▶ **WORK TASK**: Among the lines below, output only those between the line holding "A small home" and the line holding "Ingredients for wild", inclusive, exactly as written and with no pictures.

(SOURCE MATERIAL begins)

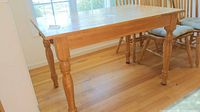 Photo showing the front and side view of the solid wood kitchen table with turned legs and part of a cushioned wooden chair.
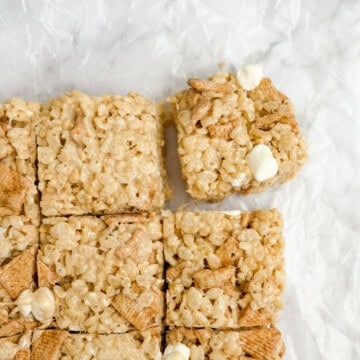cinnamon toast crunch marshmallow treats cut into squares with one being pulled.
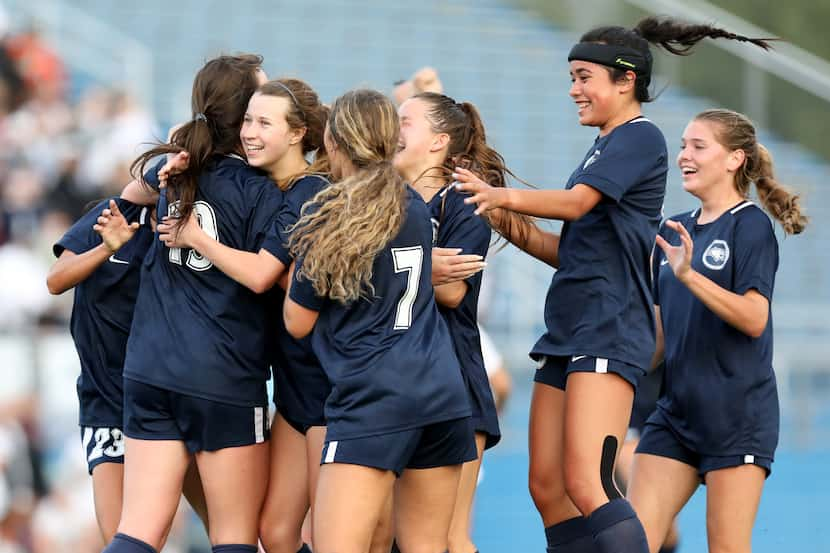 Lewisville Flower Mound players celebrate after a goal against Austin Vandegrift during...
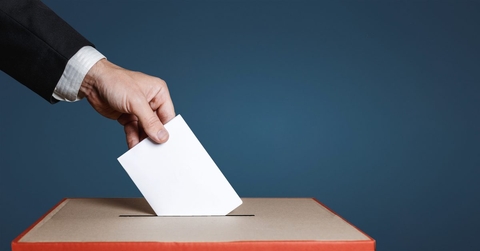 A voter puts a ballot into a ballot box. 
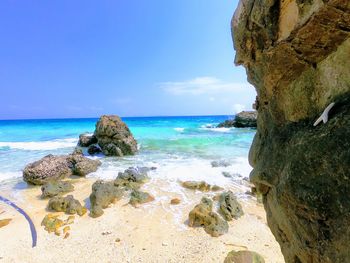 Scenic view of sea against blue sky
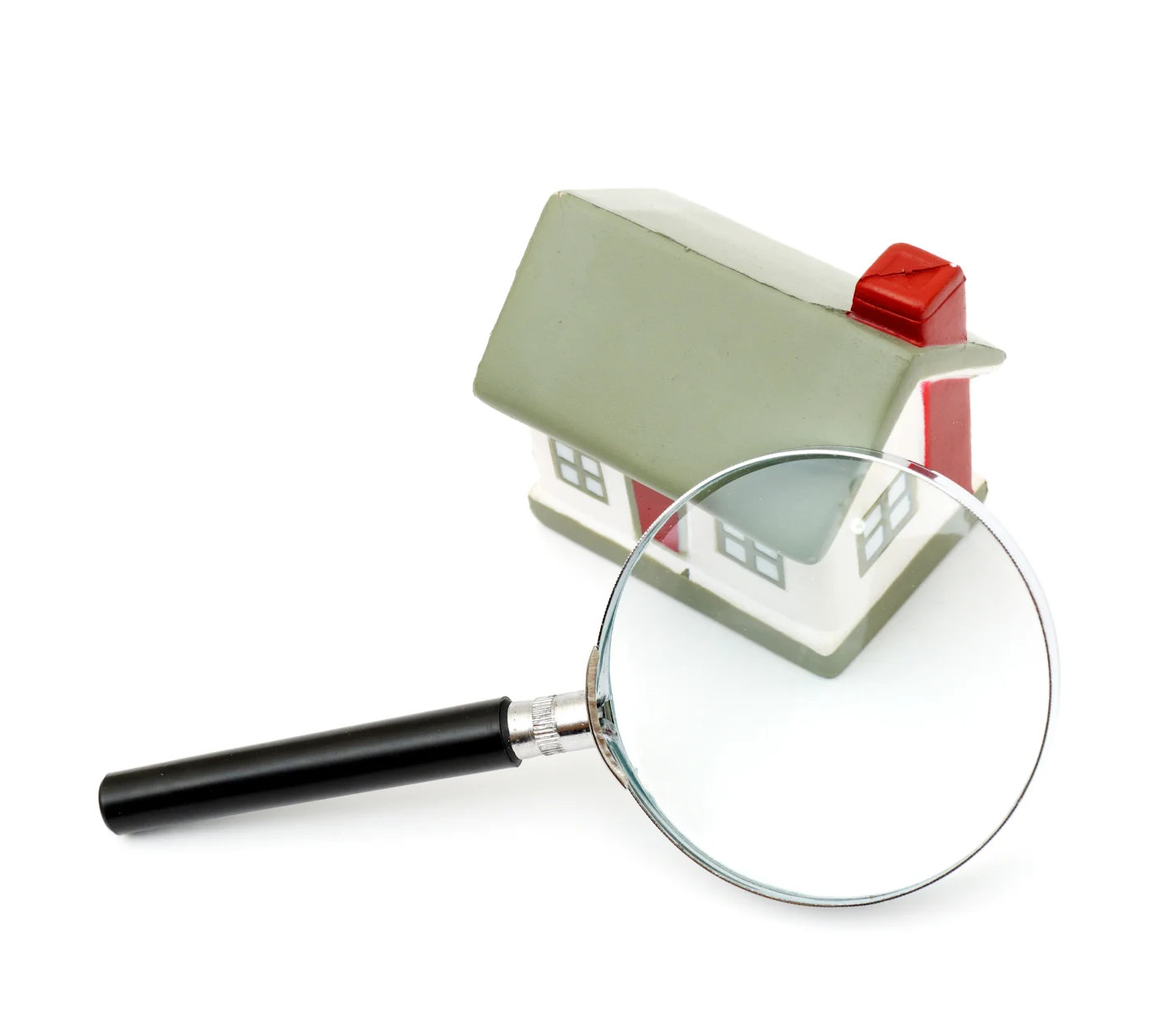 A small home behind a magnifying glass on a white background.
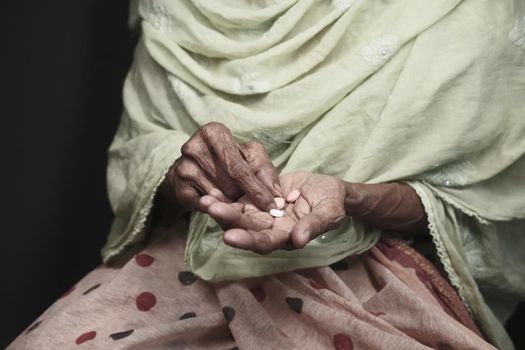 senior women hand's taking medicine, close up .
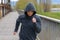 Athletic woman in a hoodie jogging across a bridge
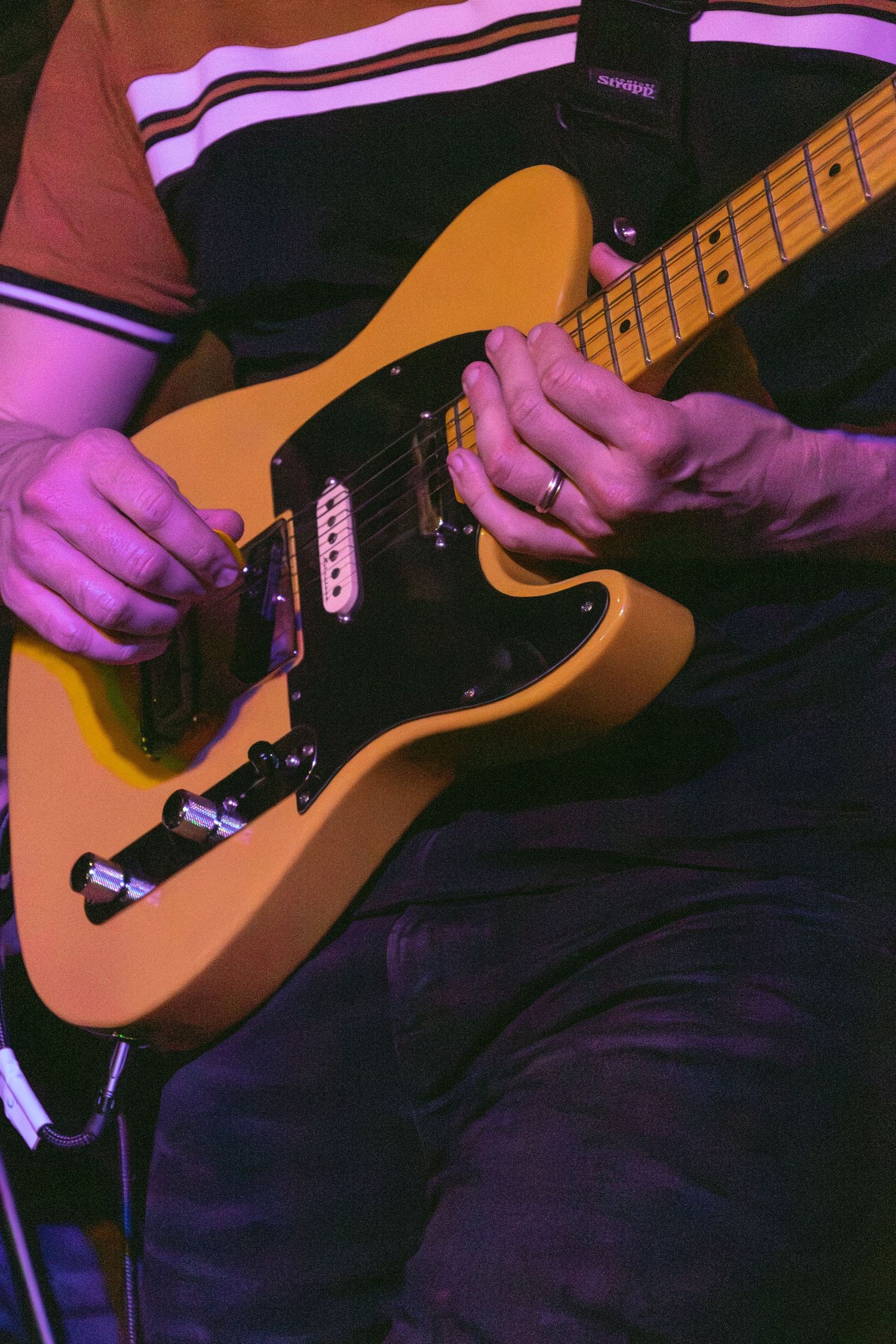 Musician playing a butterscotch Fender Telecaster electric guitar under purple stage lighting.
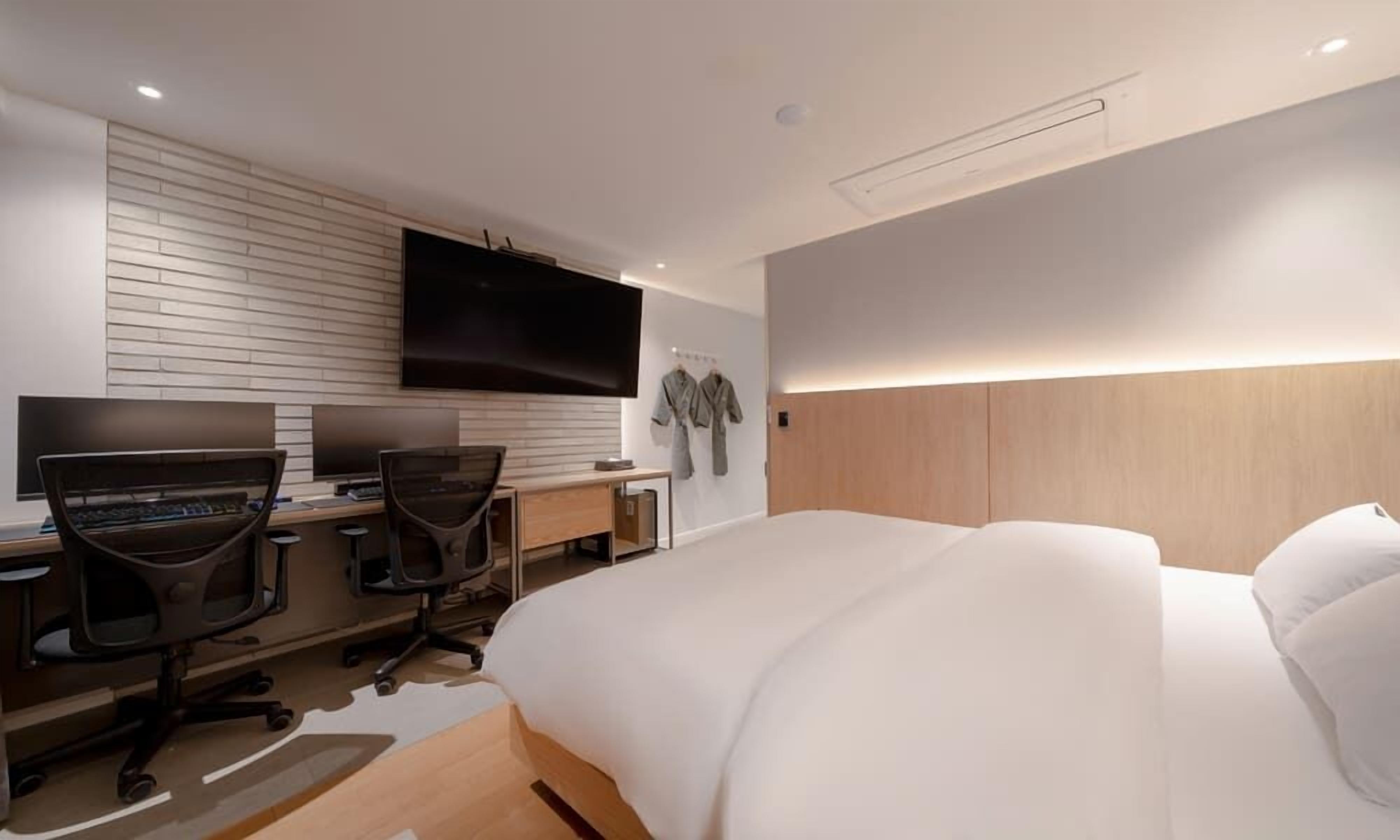 A modern hotel room with a large bed, a desk with two computers, a flat-screen TV, and a wooden headboard.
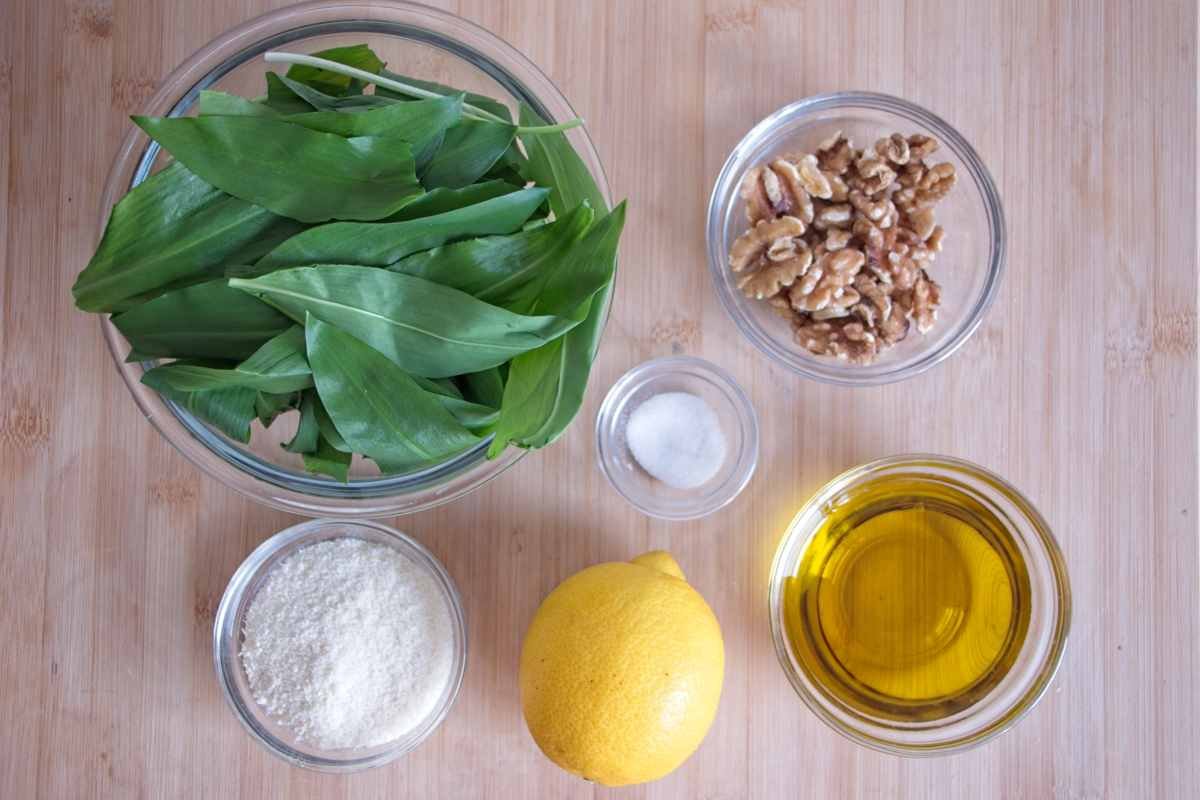 Ingredients for wild garlic pesto including fresh leaves, walnuts, parmesan, lemon, olive oil, and salt laid out on a wooden board
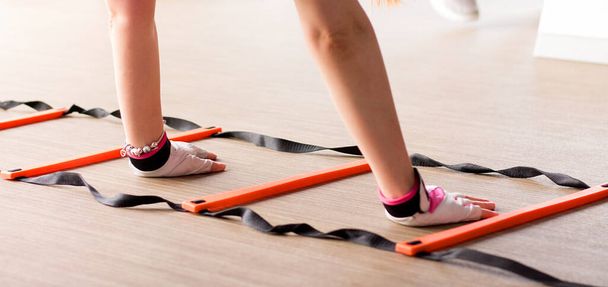 Agility ladder in use during fitness class. - Foto, immagini
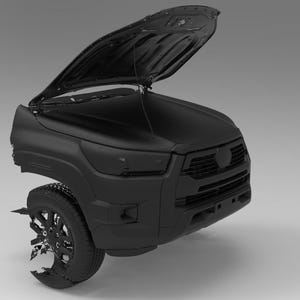 May include: A matte black pickup truck with the hood open, revealing the engine compartment. The front tire is visible, and the vehicle is set against a neutral gray background. The truck's design features a prominent grille and headlights.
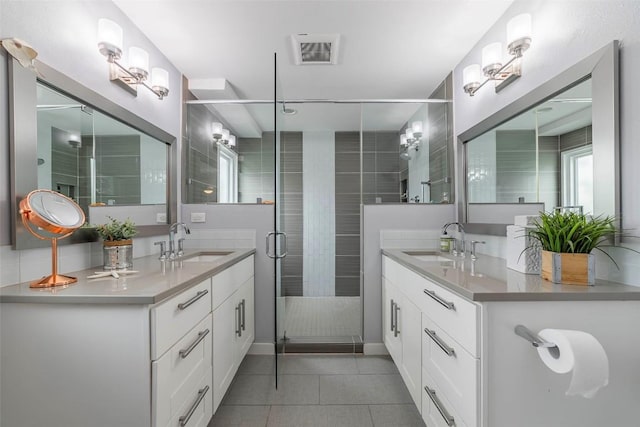 928 Porpoise St, Lakeway, TX 78734 - full bath with tile patterned flooring, two vanities, a shower stall, and baseboards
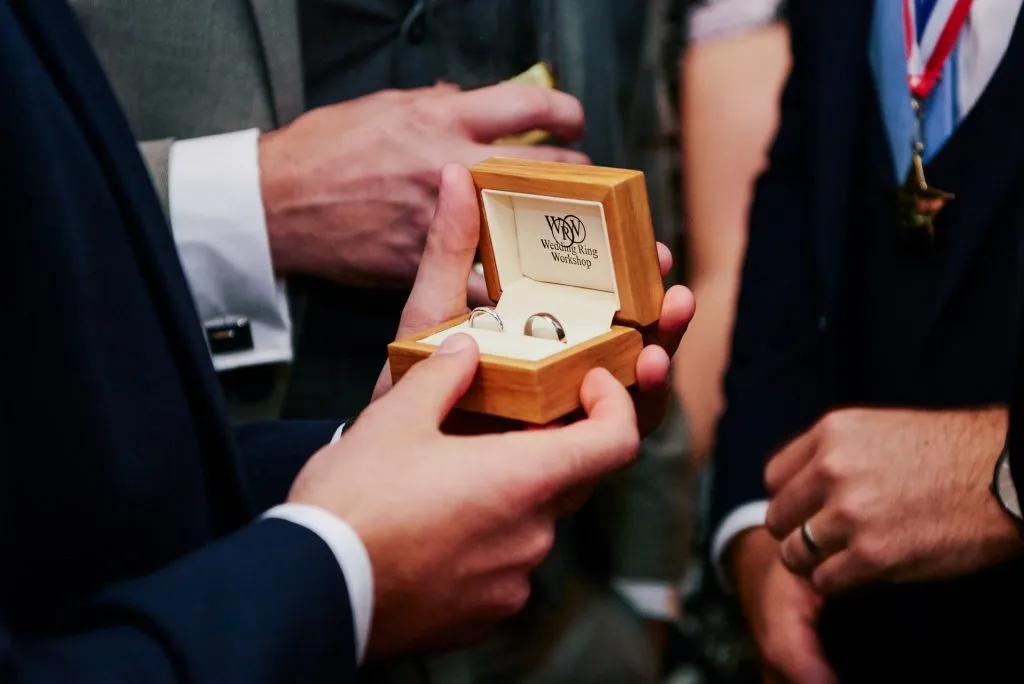 Best man holding wedding rings in box
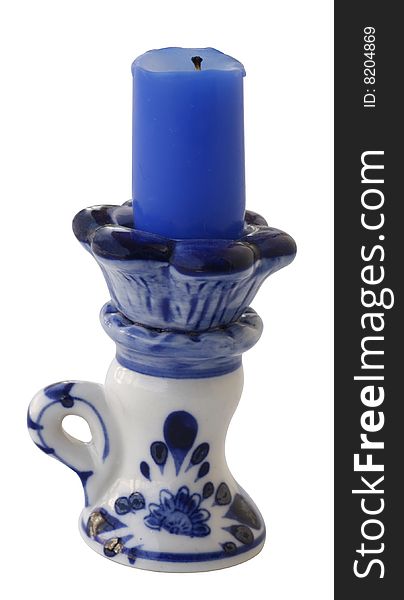 Candlestick with a blue candle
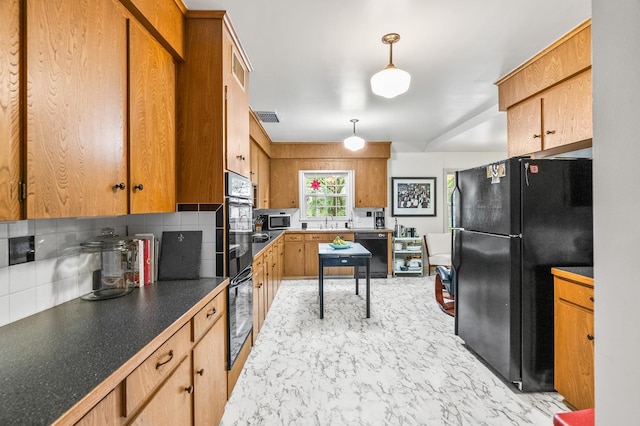 kitchen with hanging light fixtures, sink, backsplash, and black appliances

(SOURCE MATERIAL ends)

▶ **ANSWER TO THE EXERCISE**:
 A small home behind a magnifying glass on a white background.
 senior women hand's taking medicine, close up .
 Athletic woman in a hoodie jogging across a bridge
 Musician playing a butterscotch Fender Telecaster electric guitar under purple stage lighting.
 A modern hotel room with a large bed, a desk with two computers, a flat-screen TV, and a wooden headboard.
 Ingredients for wild garlic pesto including fresh leaves, walnuts, parmesan, lemon, olive oil, and salt laid out on a wooden board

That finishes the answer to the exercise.